In a lot of ways the normality assumption is the least important assumption in a linear model. Instead worry more about assumptions like homogeneity of variance, independence of errors, and lack of correlated measurement error. The consequences that breaches of these assumptions could have are much more crucial than for a lack of normality. E.g., coefficients from the linear model remain unbiased, consistent and efficient even without normality, but that won't be the case if these other assumptions are breached.
 

ninja

New Member
#8
Hi, thanks for the reply : ) Sadly the skewness is only mild after the transformation, it was about 9 with some variables pre log10. However, I think what you are saying is still relevant here and maybe I can just go ahead with ANOVA post transformation with a couple of slightly skewed condition's data.

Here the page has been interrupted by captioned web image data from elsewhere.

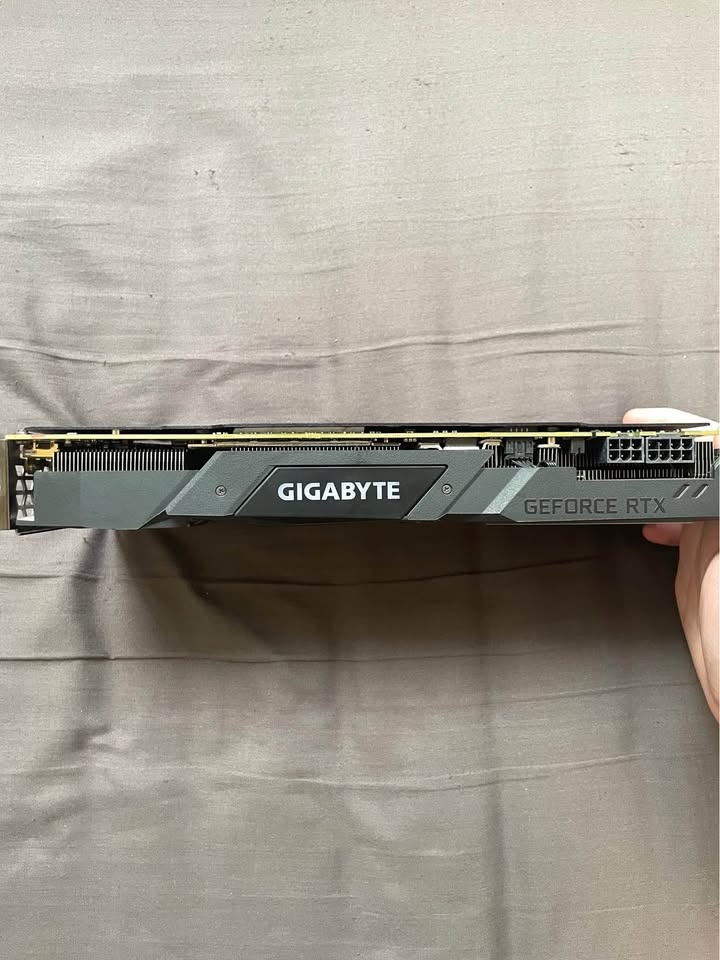 RTX 2070 Gigabyte - photo 3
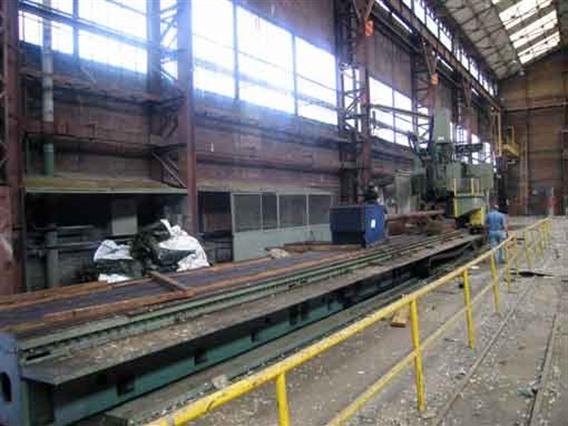 Line GSP X: 15 000 mm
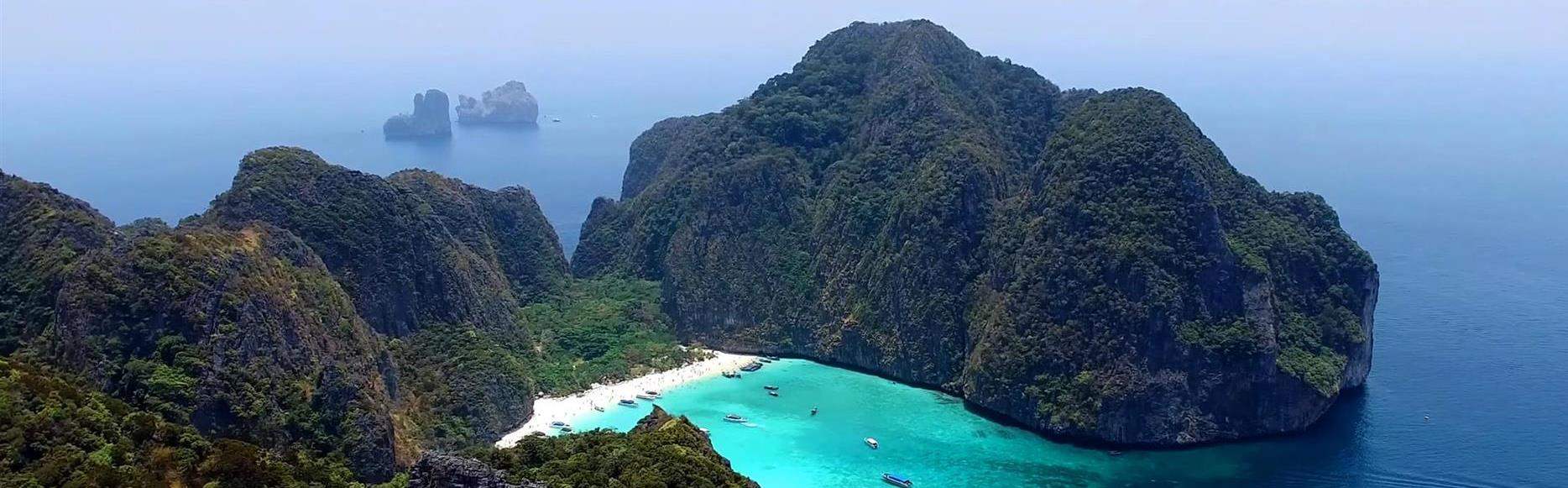 Thai Island Hopping - Krabi, Phi Phi & Phuket | Best At Travel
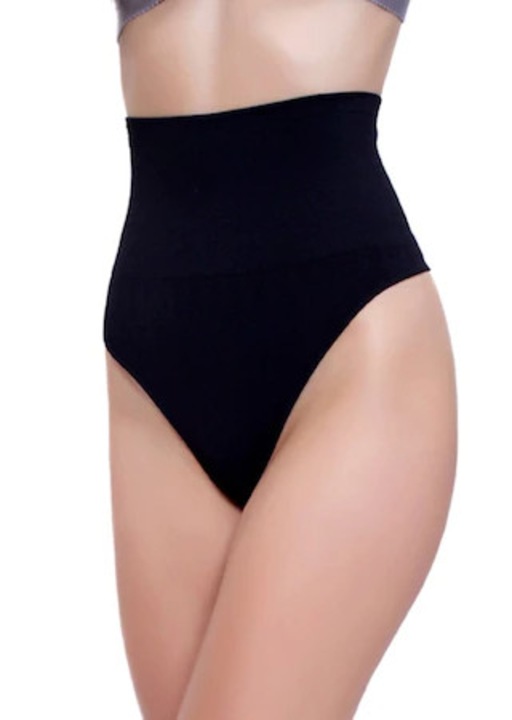 Оформящи прашки с висока талия, 3 бр - XXL - MS-244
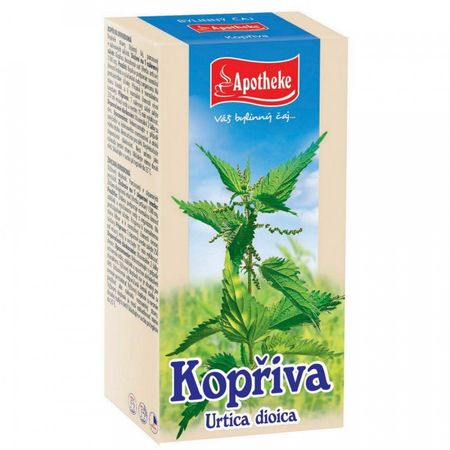 Green Apotheke Čaj Žihľava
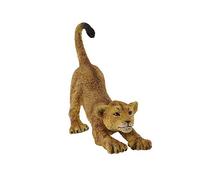 Figurina Dettagliata Leone Cucciolo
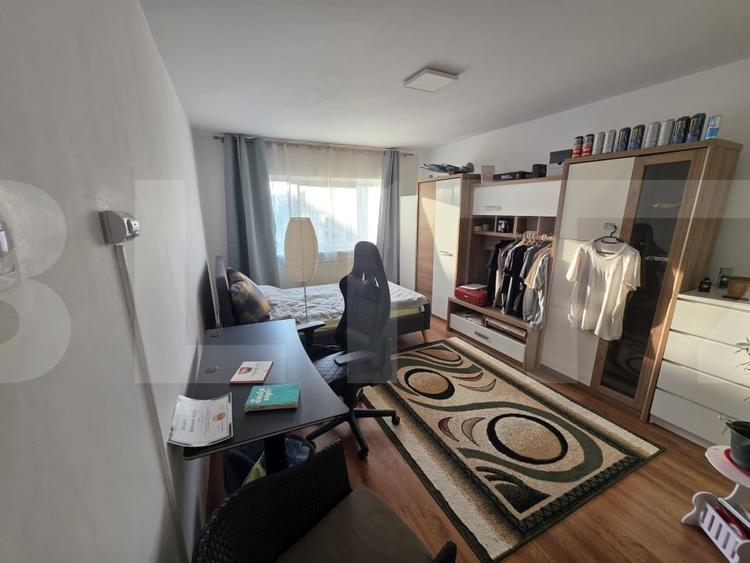 Apartament decomandat cu 2 camere, 52.82 mp - Sf. Gheorghe - 9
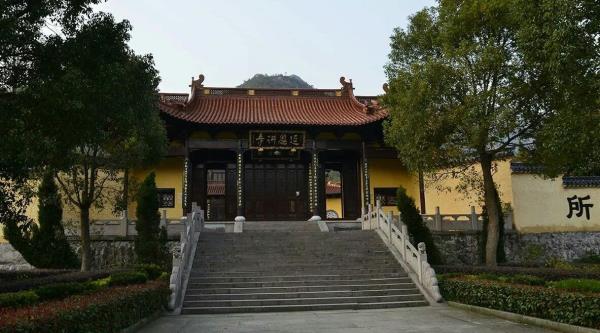 延恩古刹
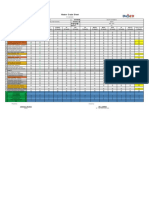 Master Grade Sheet: Region Division School Name School Id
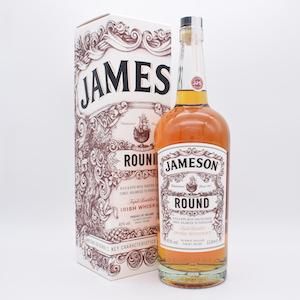 JAMESON / ジェムソン ラウンド 1000ml 並行輸入品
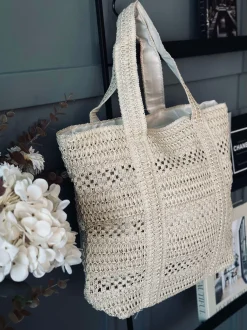 VIAMAJA Shoppere<Shopper Natur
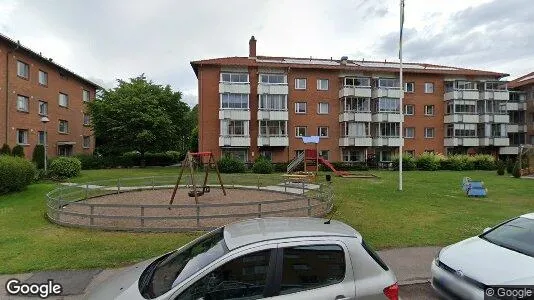 Bostadsrätter till salu i Karlstad - Bild från Google Street View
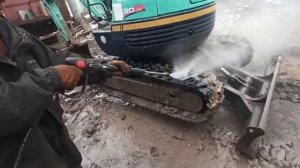 Мега мойка для ленивых.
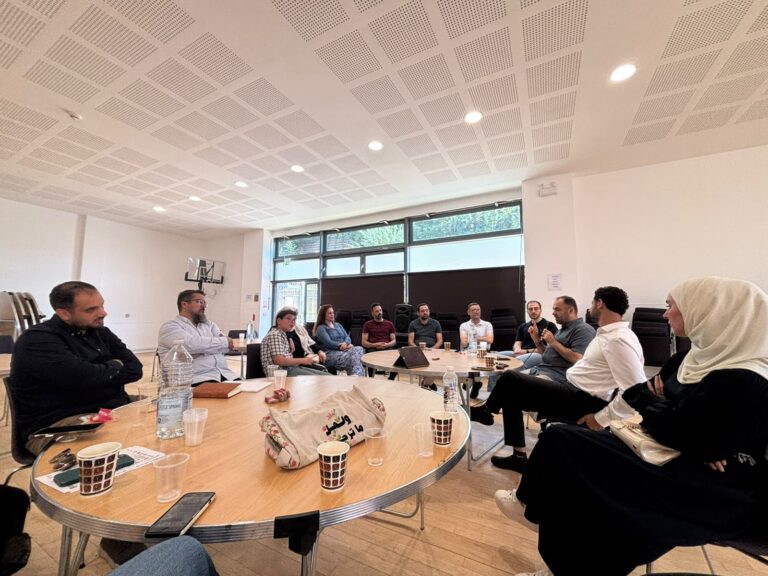 SBC Discussion session -Social Diversity in Syria and Its Implications for Governance and Decision-Making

I can't say whether the assumption of homogeneity of variance will be met as yet, but pre transformation I did have to use greenhouse-geisser for one of my variables. Hopefully by tomorrow night I will be a bit closer to an answer with that.
 

hlsmith

Not a robit
#9
And dont forget that once you get everything ironed out, to make sure you interprete your transformed results correctly.
 
#10
Hi all, I've managed to finish one of my studies - I'm just totally confused though - with the ANOVA, I now get that it is robust to quite strange distributions in that I won't need to transform just because of that. I've plotted the residuals though as suggested and they aren't normally distributed. Is this a problem? I don't actually know what bootstrapping does, so if I need this can anyone please let me know why I would use it? Thank you sooooo much!!!!
 

CB

Super Moderator
#11
In (conventional) analytic statistics, the sampling distribution of a statistic (e.g., a group mean) is constructed by making assumptions about the data that statistic is based on. E.g., we often assume sampling distributions are normal, based on the assumption that they are estimated from models that have a normally distributed error term. It's the sampling distribution that we use to make inferences from the sample to the population.

In bootstrapping a sampling distribution is approximated empirically, by sampling with replacement from the original sample a large number of times. The resulting sampling distribution will not generally exactly follow any defined probability distribution. The result is that you do not need to assume that the sampling distribution is normal (or that the errors are normal). The advantage of this method over something like transformation is that you are still applying the same familar ANOVA, with results that can be interpreted in the usual way; you are just obtaining standard errors, confidence intervals and/or p values in a manner that avoids relying on the normality assumption. You can find a nice intro here.
 
#12
Thank you for replying! :) Would looking at the coefficient of variation help me with seeing if the sampling distributions are similar enough? If so, I've calculated I have a maximum of about .55 difference between the outcome measures CVs, and some are much less. With N=65 and some skew on the residuals (up to 2) do you think I would still be ok to use ANOVA without transformation or bootstrapping? It's a repeated measures design so I'm not sure how important homogenity of variance is in that situation? Think I am getting there now, although my brain hurts haha
 
#13
Also, might as well mention, I'm going to be running multiple regressions with the data after the ANOVA and correlations - would I be able to follow the same protocol as I'm going to with the ANOVA, I guess depending on what that is going to be (transform or not)
 

CB

Super Moderator
#14
When checking the homoscedasticity (constant variance) assumption, you need to primarily look at the variances in the individual groups, not the coefficient of variation.

Multiple regression has similar assumptions to RM Anova (though not quite the same). They both assume homoscedasticity and normality of errors, but are fairly robust to breaches of the latter assumption. So probably the same protocol for both would be reasonable.